It's a pity that the thread you found, from 2003, does not seem to show any particularly convincing examples of simulated grain. What it suggests is that simply overlaying a texture is not going to work. It's also a pity that those images in the final posts never appeared. I wonder whether the poster actually had cracked the challenge.

Your statement about grain being lumpy is maybe the key. I wonder if, with the extra power and experience of using PWP there is a way of getting this effect. And grain is more noticeable in the darker elements (yes?) so that might be a factor to incorporate.

Your point (2) about nostalgia is highly relevant. I shoot quite a lot of amdram and the casts now like their musicals printed in colour and their plays printed in b&w. Now easy with digital - but in my days of film this sometimes caused problems as the shots were also used for other purposes other than for the cast albums.

Point (3). I use Bibble to convert my RAWs and there are plugins that are supposed to emulate various well known film stocks. A nice touch. Does anyone remember the Dufaycolour sequence in The Aviator? Miss Hepburn playing golf on blue grass!

Point (4). I used to work in television and remember the problems of making dramas where most of the action took place in the studio, but we used filmed inserts for the external sequences. They really looked different. One of the techniques used today, when shooting on tape, is to tinker with the frame speed to create the slight strobing effect that comes with film. And now people are much cleverer about tinkering with the tonal values on tape.
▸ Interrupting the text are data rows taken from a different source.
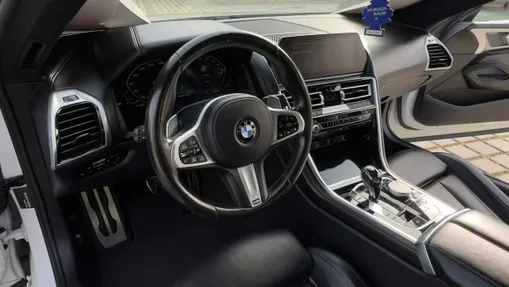 BMW Seria 8 -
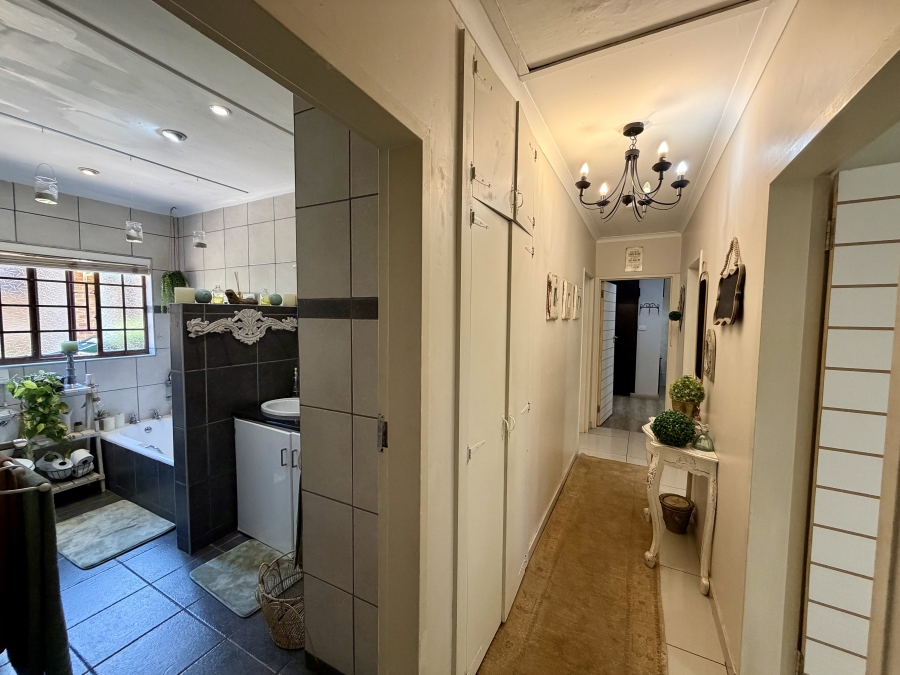 4 Bedroom Property for Sale in Hayfields KwaZulu-Natal
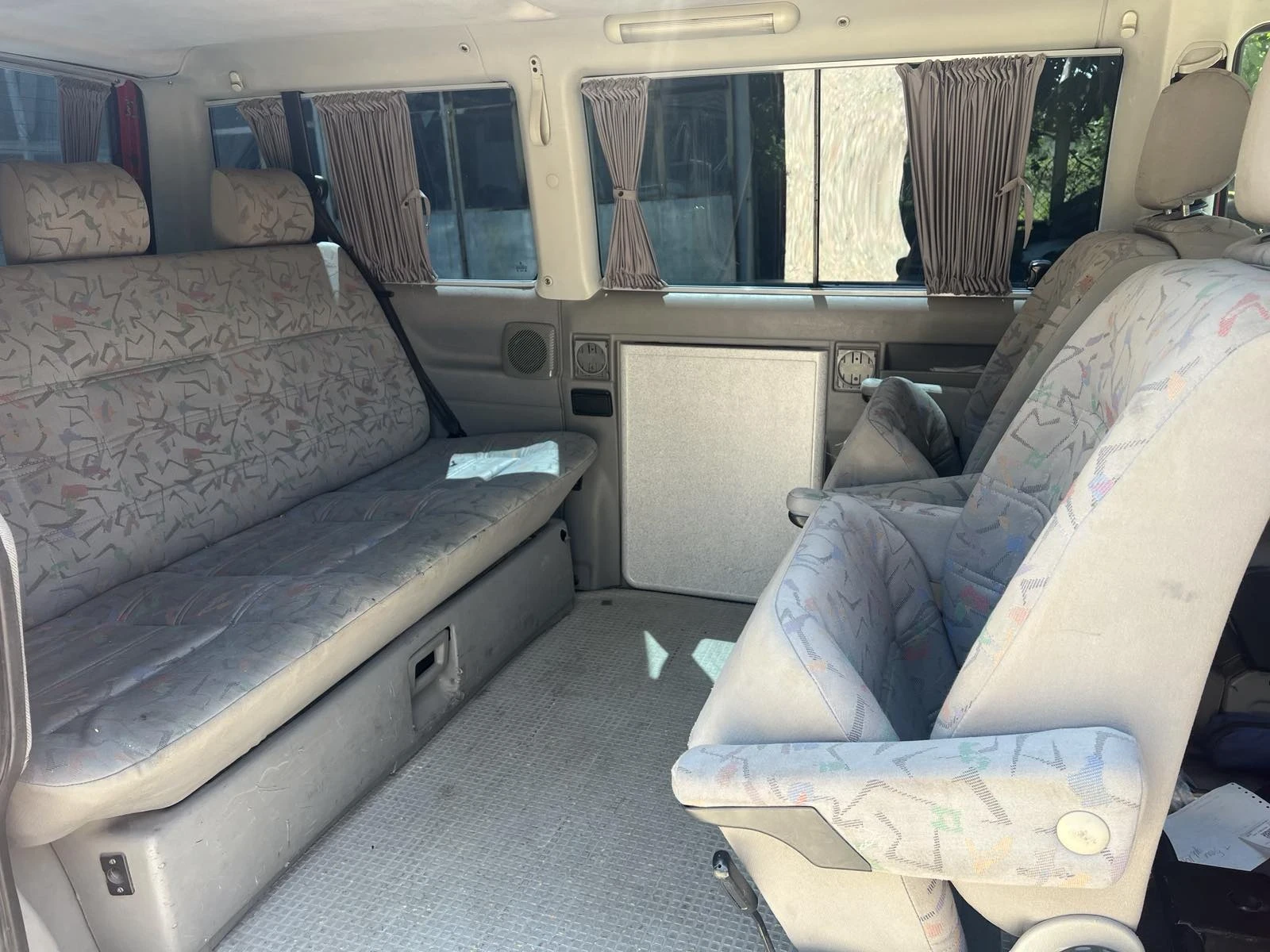 VW Multivan 2.5TDI -102 , снимка 15 - Автомобили и джипове - 55354293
It is my last sentence, above, that makes me think we have, with PWP, the ability to take one of Den's lovely Birch Beach scenes and make it look as if Henri Cartier B shot it with an old Leica through a train window! Quite why is another matter! I suppose, like many of us around here, life is nothing without a challenge or two.

Tony
tomczak
Posts: 1368
Joined: April 25th, 2009, 12:56 am
What is the make/model of your primary camera?: Fuji X-E2
Contact:

Re: Adding noise anyone?

Post by tomczak »

Thanks Tony,

I think it's worth experimenting. I'm guessing, but what Den started to do, illustrating the old thread, shows a promise (i.e. texture - between power and frequency sliders maybe there is a setting that that can look like film grain...?). Textures can be made pretty fine but still lumpy, and with 1024 panel size the grain may be irregular enough.
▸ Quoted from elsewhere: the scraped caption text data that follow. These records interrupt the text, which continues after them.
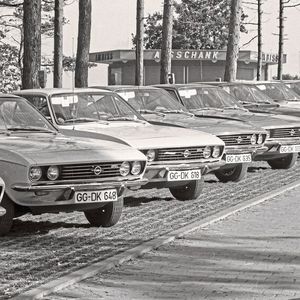 Vor genau 50 Jahren wurde der Teufelsrochen der Weltpresse am Timmendorfer Strand vorgestellt. 400 Journalisten gaben auf den Teststrecken „Maritim“ und „Schweiz“ tüchtig Gas ...(Bild:  Opel Automobile GmbH)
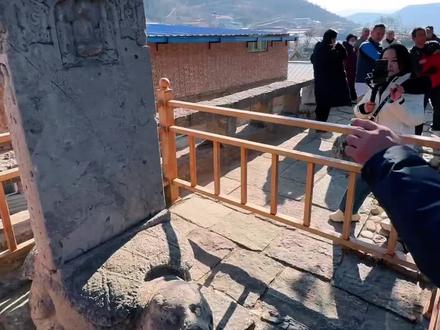 蒙曼,女,满族,1975年1月28日出生于河北省平泉县
,河北大厂人,中国共产党党员1
,中华全国妇女联合会副主席(兼),中央民族大学党委委员,中央民族大学历史文化学院教授25
,中央民族大学红铸书院院长
。
1992年9月—1996年7月,蒙曼就读于中央民族大学历史系历史学专业13
。1996年9月—1999年7月,就读于中央民族大学历史系,毕业后获得专门史专业硕士学位1
。1999年9月—2002年7月,就读于北京大学历史学系,毕业后获得中国古代史专业历史学博士学位1
。2002年7月,任中央民族大学历史系讲师1
。2006年9月—2010年1月,任中央民族大学历史系副教授1
。2007年11月,在《百家讲坛》主讲《武则天系列》7
,随后,又四次登坛,陆续主讲《太平公主》《长恨歌》《大隋风云》《唐玄宗与杨贵妃》29
。讨论2010年1月—2017年11月,任中央民族大学历史文化学院副教授1
。2013年起,先后担任《汉字听写大会》《成语大会》《谜语大会》《中国诗词大会》等节目文化嘉宾29#非物质文化 #人山人海太热闹了现场实拍 #拍摄现场直击 #场面壮观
What I tried, and what seems to be encouraging, is to make a black and white texture with Power that happened to be close to -0.4, and Frequencies between 0.1 and 0.9, using the large panel size, and then used the texture either in Additive Filter with some pretty large Exp. compensation or in Composite/Soft Light (using reversed HSV-V as a mask - it's easy to do, just open the Mask and mask with the straight Brightness tool then reverse the black and white Amount sliders when filtering or compositing, while keeping the mask tool opened). If I did it a bit more carefully, I think I could make it look really close to film... But the jury is out...
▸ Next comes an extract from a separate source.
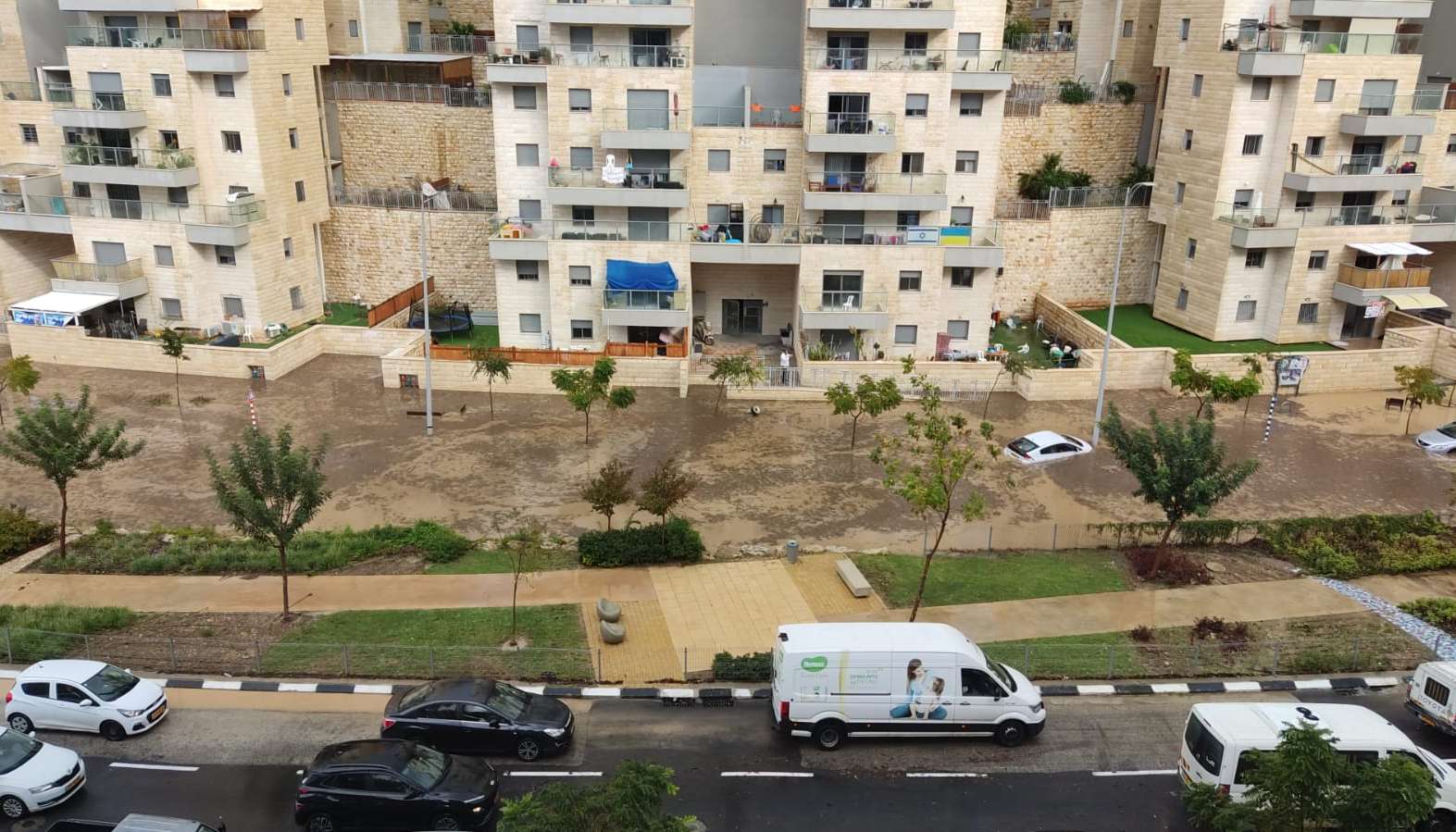 הצפה בדרך ארץ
I was going to bring it up elsewhere, but since Tony mentioned it already and it has to do with satisfying colour gamut of films: simulating film in RAW (or more generally, changing the RAW colours, either in RAW dialog or after, the way we want them). It's not that easy, I found. Sure, one can fix a colour or another, but it's the overall gammut that I don't seem to be getting right. Most of the time I'm getting haphazard results, regardless colour spaces and adhering to them - far from consistency and feel of the slide film, scanned or otherwise.

Jonathan did some testing on colour redention of Velvia and Provia: http://ftp2.bmtmicro.com/dlc/Velvia%20v ... 20100F.pdf. Den, Elie and others already designed a Colour Correct or Colour Map procedures to selectively saturate colours. I was wandering it this could be done a little more 'scientifically', for lack of a better word. If Jonathan could make available the actual files of Makbeth charts from the above white paper, then a Makbeth chart could be shot with a specific camera with specific illumination colour temperature, then RAW processed with fixed adjustments, and then Makbeth patches mapped to velvia or provia, and used for all other RAWs. Perhaps Match Reference could be persuaded to make it happen too (kind of doing it backwards). Does it make any sense?
Maciej Tomczak
Phototramp.com
tonygamble
Posts: 112
Joined: April 26th, 2009, 7:00 am

Re: Adding noise anyone?

Post by tonygamble »

I'm bumping this as there is a relevant thread running on DPR

http://forums.dpreview.com/forums/readf ... d=34664232

You can read the stuff yourself, but I'll copy one post:-

"Do it all the time. Exhibition prints - Lambda 32 inch. From A dsl (5d/5d2).

I only use guassian noise (applied selectively using layer blends). I suppose these plugins do a good job, but to my eye PS Guauss works just as well.

BW and colour. Another technique is to add progressively as you interpolate up.

Works fine, with a bit blur up to 50x50 inch prints.

This has worked fine for me and no one has complained (exhibited in major galleries).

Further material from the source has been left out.